Pioneering research led by Queen Mary, University of London that has the potential to reduce the number of animals used in medical research of the human digestive system has been commended in a prestigious international awards scheme.
Gareth Sanger, professor of neuropharmacology at Queen Mary, was one of three commended runners-up in The National Centre for the Replacement, Refinement and Reduction of Animals in Research (NC3Rs) annual 3Rs Prize announced today (26 February). The awards recognise the most promising scientific advances and technological developments to replace, reduce or refine the use of animals in research and testing.
In their paper, published in the British Journal of Pharmacology, Professor Sanger, together with Dr John Broad and colleagues, demonstrated how human gastrointestinal tissues can be used as effectively as animal tissues to test new therapies for gut problems in the laboratory.
Until now the validity of research carried out using human gastrointestinal tissue in the laboratory has been questioned, often because studies have been limited to small sample sizes. To control for variables such as age, gender, lifestyle, and get reliable results, large sample sizes are needed and the infrastructure has not previously been in place to gather these.
However, Professor Sanger, working with Professor Charles Knowles and colleagues at the National Centre for Bowel Research and Surgical Innovation at Queen Mary have put in place systems which allow large numbers of patients to be approached before surgery to give permission for samples of their tissue, removed as a routine part of surgery, to be used in research.
In this particular study, working in collaboration with surgical teams at The Royal London Hospital, Whipps Cross Hospital and Homerton Hospital, they were able to get samples from 71 patients – enough to produce reliable and clinically-relevant results.

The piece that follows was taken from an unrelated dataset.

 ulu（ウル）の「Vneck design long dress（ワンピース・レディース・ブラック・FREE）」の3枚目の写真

Professor Sanger said: “This kind of work involves close collaboration with the surgical and pathology teams and, as the tissues need to be used live, we have to be prepared to collect the samples at whatever time they become available. But we have shown now what can be achieved and have already gone on from this to carry out further human tissue studies.

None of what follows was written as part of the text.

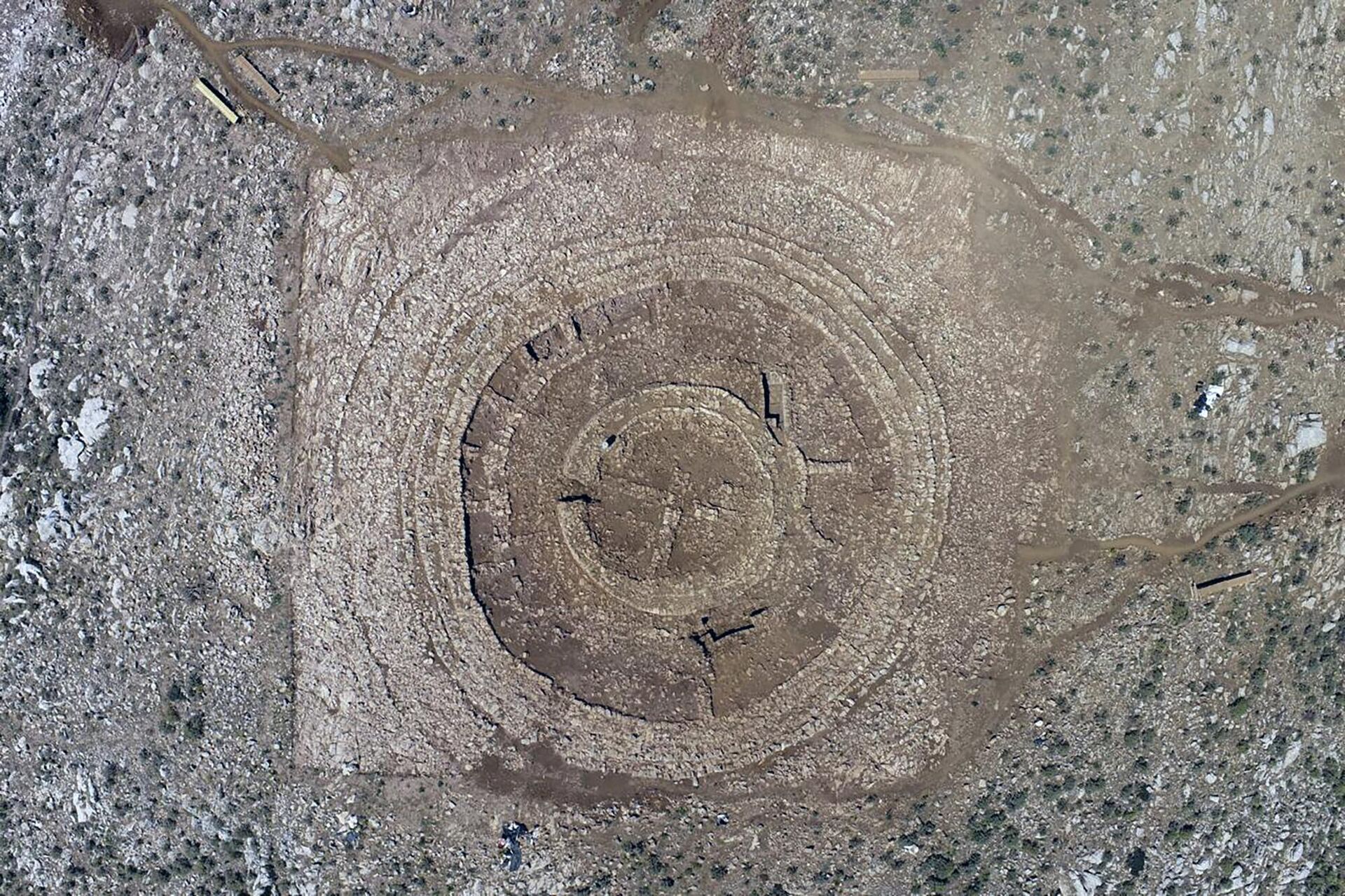 As ruínas de um edifício de 4 mil anos recentemente descobertas no topo de uma colina na ilha de Creta, em 11 de junho de 2024 - Sputnik Brasil, 1920, 13.06.2024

“I hope this will urge others to recognise the potential alternatives to animal research, particularly when the animals concerned are derived from highly inbred strains with unproven relevance to humans or the diseases are ones which can’t be modelled in animals.”

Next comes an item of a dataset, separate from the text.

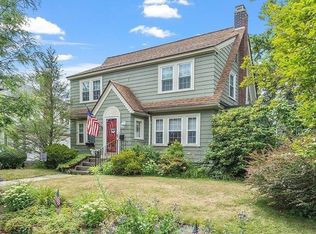 2 Devens Rd, Worcester, MA 01606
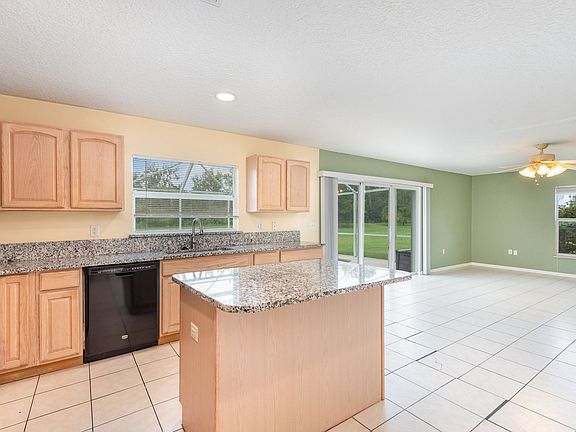 5th image of 4055 Navajo Ln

Dr Vicky Robinson, CEO, NC3Rs , said: “There is a demand for more physiologically relevant approaches to research and testing that don’t involve animals. Professor Sanger’s work demonstrates the clinical relevance of human tissue for gastrointestinal research and draws further attention to the need to explore the availability of this resource from surgical procedures.
“We commended this research because it represents a culture shift in how scientists are designing their experiments, as well as avoiding the use of up to 560 rodents in this study.”
Last month, Queen Mary announced a joint collaboration with the Dr Hadwen Trust (DHT) for Humane Research, which will see the university host the world’s first chair in animal replacement science.